» Supplied data:
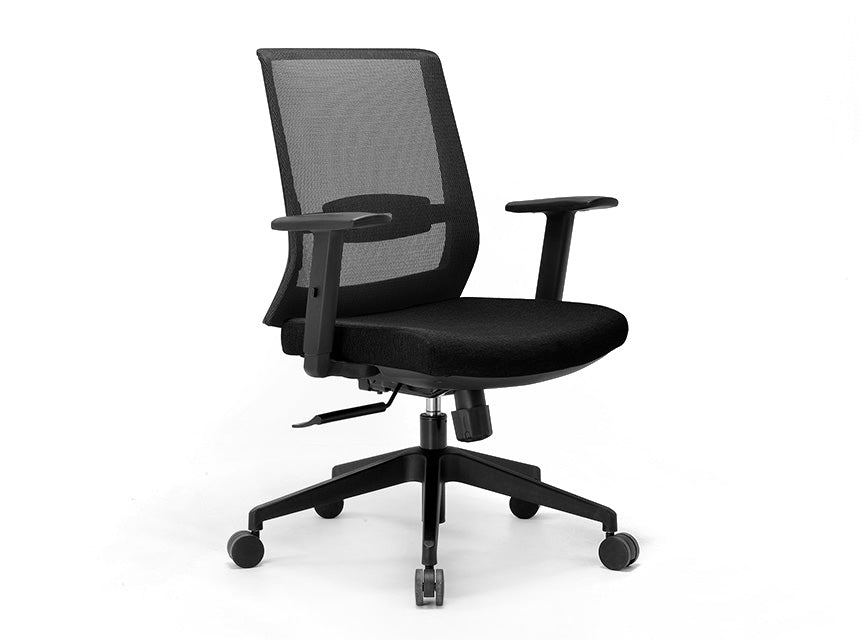 Mono Task Chair - Black Frame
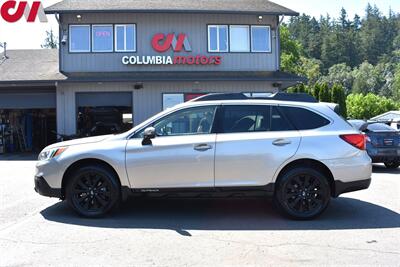 2017 Subaru Outback 3.6R Limited  AWD 4dr Wagon! X-Mode! EyeSight Driver Assist Tech! Back up Cam! Navigation! Bluetooth w/Voice Activation! Full Heated Leather Seats! Sunroof! Powered Liftgate! - Photo 9 - Portland, OR 97266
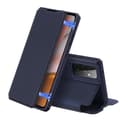 Miniatyrbild 1 av 6: Dux Ducis Skin X Plånboksfodral Samsung Galaxy A72 4G - Blå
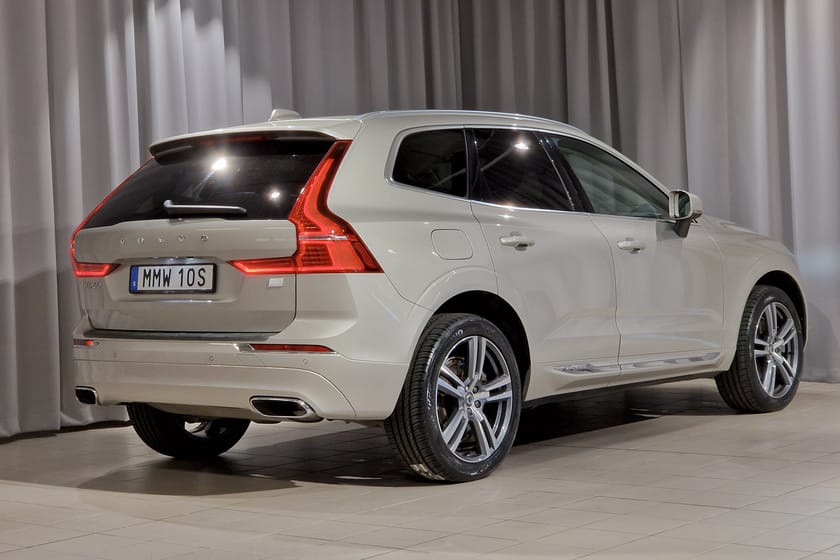 Bild 5 av Volvo XC60 T8 AWD Recharge | | 392 HK | DRAG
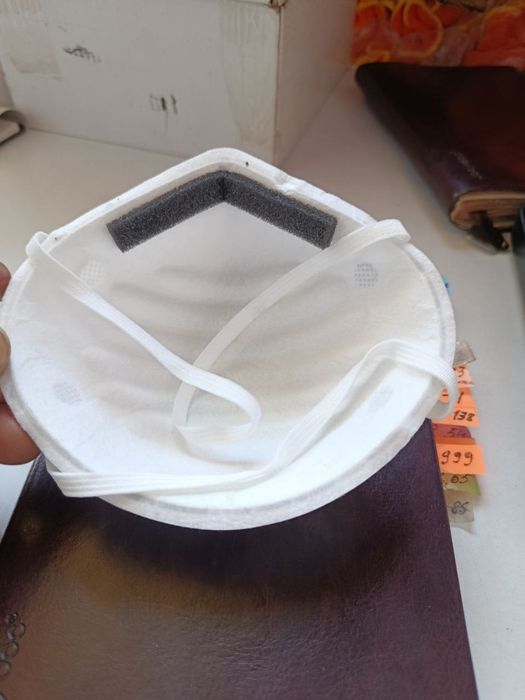 Маска Респиратор KN95 Оригинал из Первых Рук NIOSH ОПТОМ
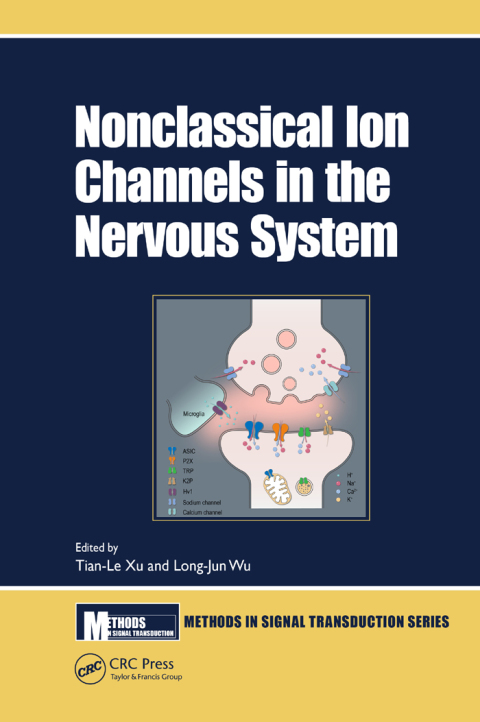 Cover image for book Nonclassical Ion Channels in the Nervous System
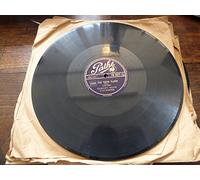 Charley Bazin - Charley Bazin : caprice espagnol / tes yeux bleus - disque pathé 2677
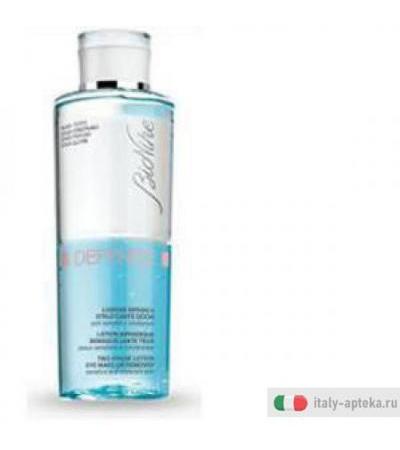 Bionike Defence Lozione Bifasica Struccante occhi 150ml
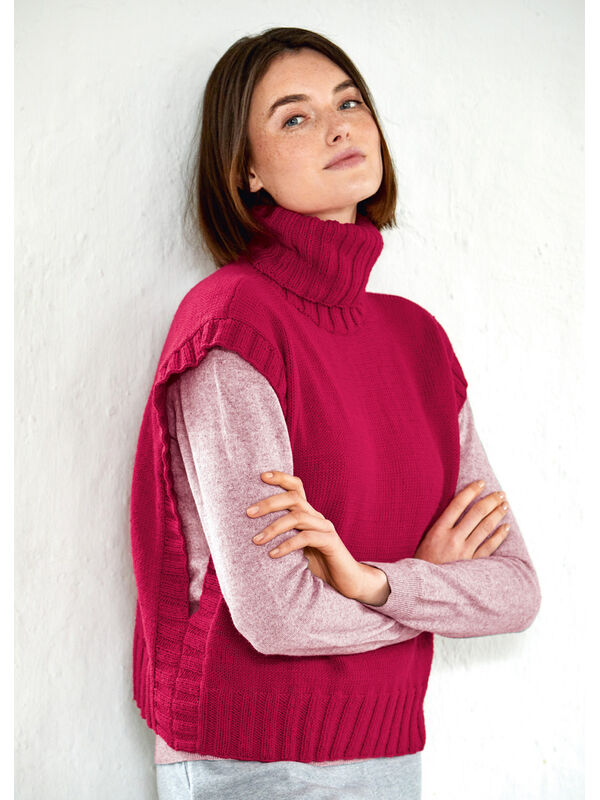 Lana Grossa HESJE MET COL Cool Wool
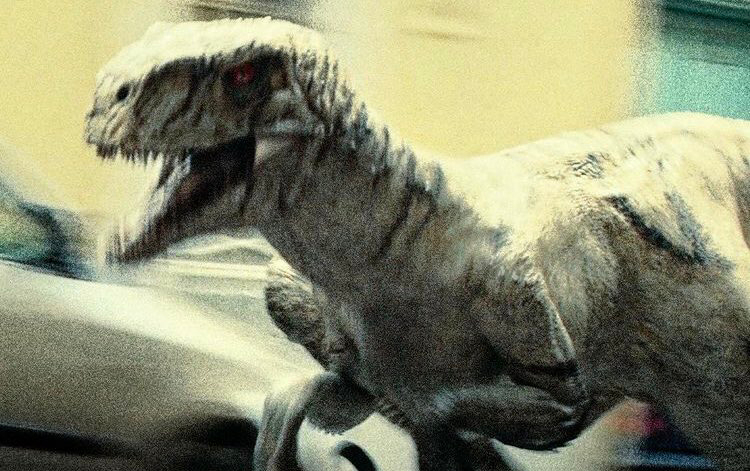 Watch the Jurassic World Dominion Atrociraptor chase scene in Malta!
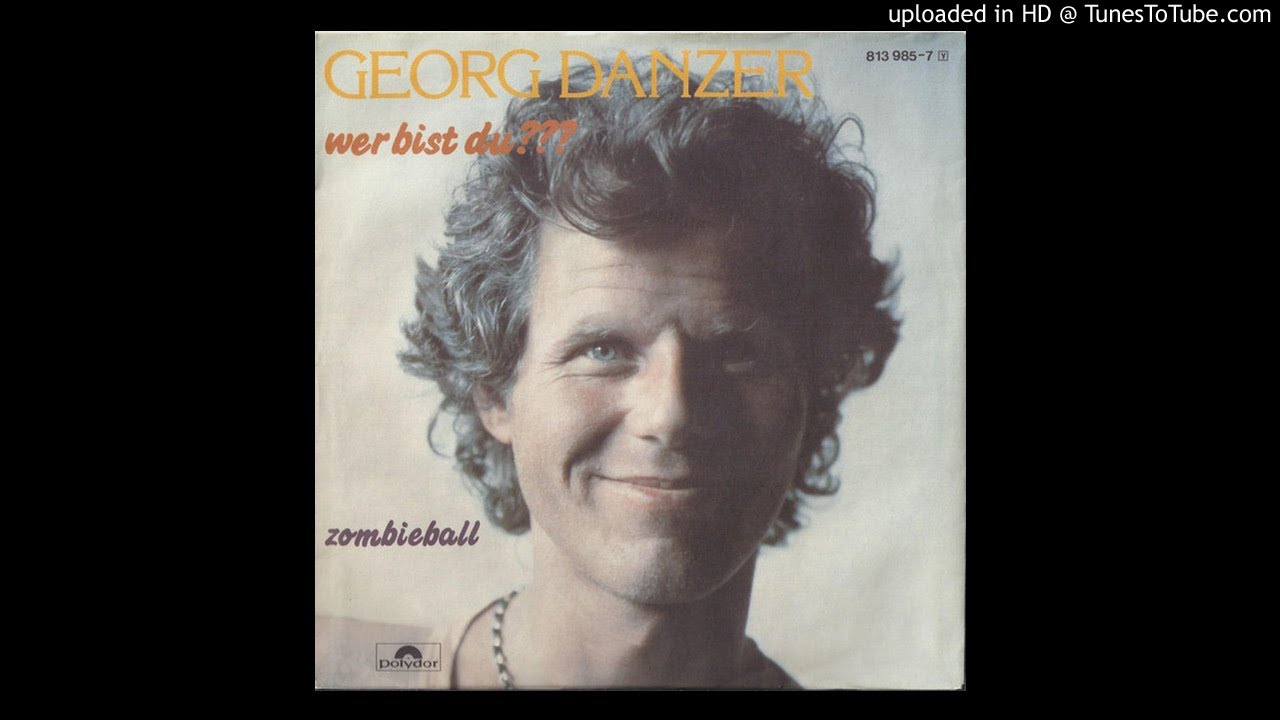Georg Danzer ‎– Wer Bist Du??? (Germany, 1983)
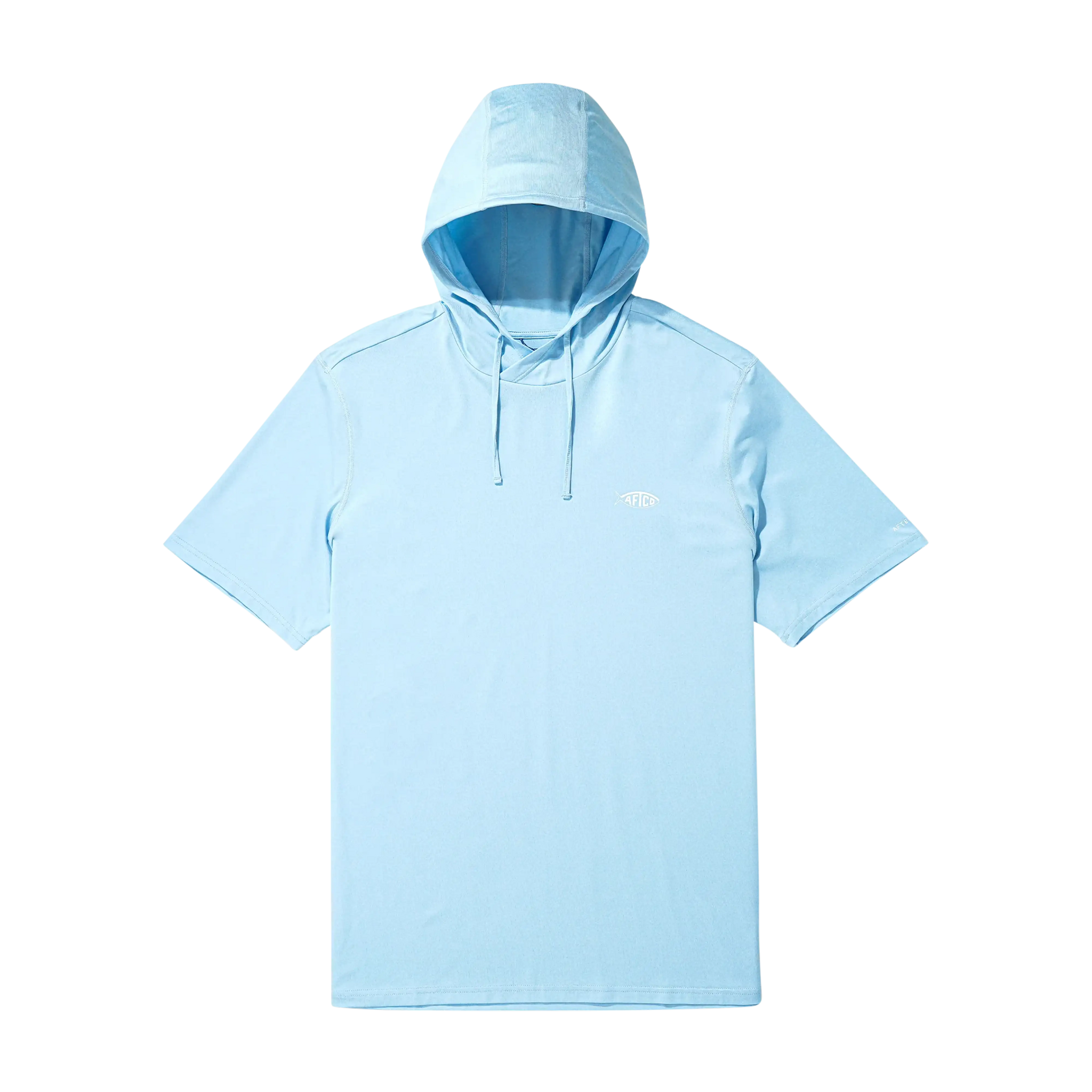 Aftco Samurai Short Sleeve Hooded Sun Protection Shirt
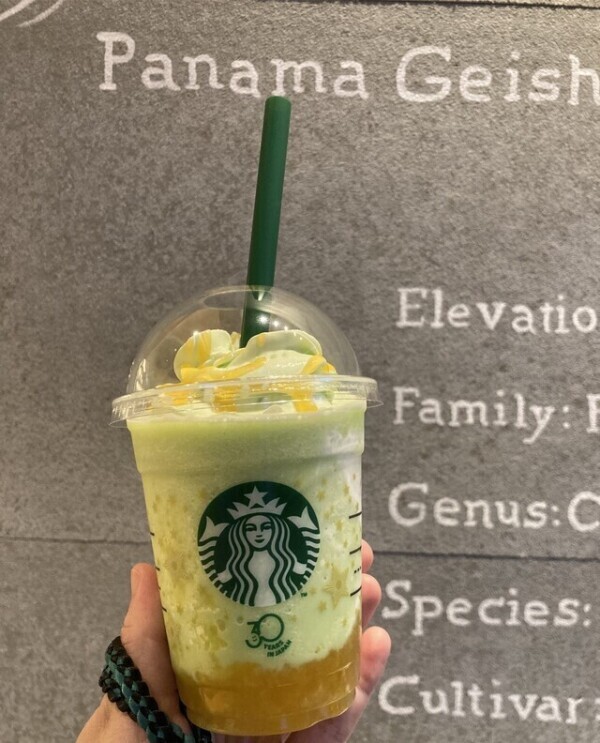 昨日に引き続き〜🥤💓‪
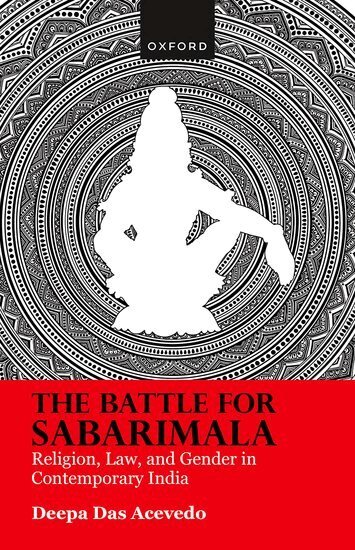 Deepa Das Acevedo - The Battle for Sabarimala, Inbunden. Tillgänglighet: Lägg i varukorg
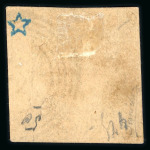 Stamp of German States » German States Collections and Lots 1849-1870, in three small stockbooks dozens of mint and used stamps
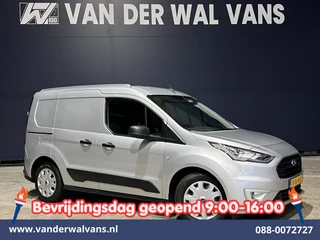Ford Transit Connect 1.5 EcoBlue 120pk L1H1 Euro6 Airco | Camera | Apple Carplay | LED | Cruisecontrol Android Auto, Verwarmde voorruit, Stoelverwarming, Parkeersensoren, 1500kg trekvermogen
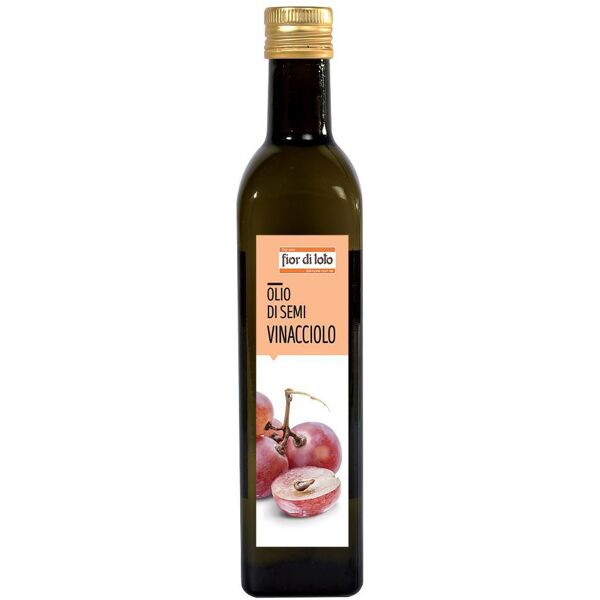 biotobio srl olio semi vinacciolo 500g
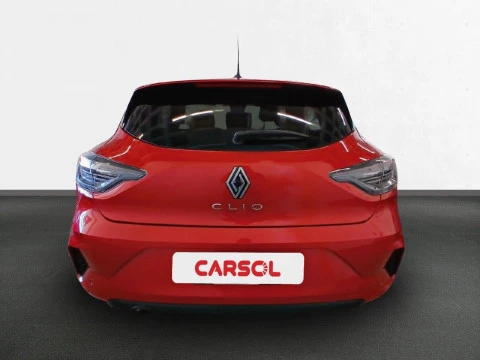 Renault Clio Evolution TCe 74 kW (100CV) GLP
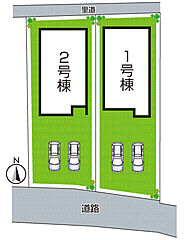31(土)1(日)現地説明会　泉佐野市岡本　全2邸 その他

» Prompt: When copying the listing above, begin at its first line and stop after the line with "Stamp of German", keeping each line exact and dropping the pictures.

» Solution to the exercise:
 Mono Task Chair - Black Frame
 2017 Subaru Outback 3.6R Limited  AWD 4dr Wagon! X-Mode! EyeSight Driver Assist Tech! Back up Cam! Navigation! Bluetooth w/Voice Activation! Full Heated Leather Seats! Sunroof! Powered Liftgate! - Photo 9 - Portland, OR 97266
 Miniatyrbild 1 av 6: Dux Ducis Skin X Plånboksfodral Samsung Galaxy A72 4G - Blå
 Bild 5 av Volvo XC60 T8 AWD Recharge | | 392 HK | DRAG
 Маска Респиратор KN95 Оригинал из Первых Рук NIOSH ОПТОМ
 Cover image for book Nonclassical Ion Channels in the Nervous System
 Charley Bazin - Charley Bazin : caprice espagnol / tes yeux bleus - disque pathé 2677
 Bionike Defence Lozione Bifasica Struccante occhi 150ml
 Lana Grossa HESJE MET COL Cool Wool
 Watch the Jurassic World Dominion Atrociraptor chase scene in Malta!
Georg Danzer ‎– Wer Bist Du??? (Germany, 1983)
 Aftco Samurai Short Sleeve Hooded Sun Protection Shirt
 昨日に引き続き〜🥤💓‪
 Deepa Das Acevedo - The Battle for Sabarimala, Inbunden. Tillgänglighet: Lägg i varukorg
 Stamp of German States » German States Collections and Lots 1849-1870, in three small stockbooks dozens of mint and used stamps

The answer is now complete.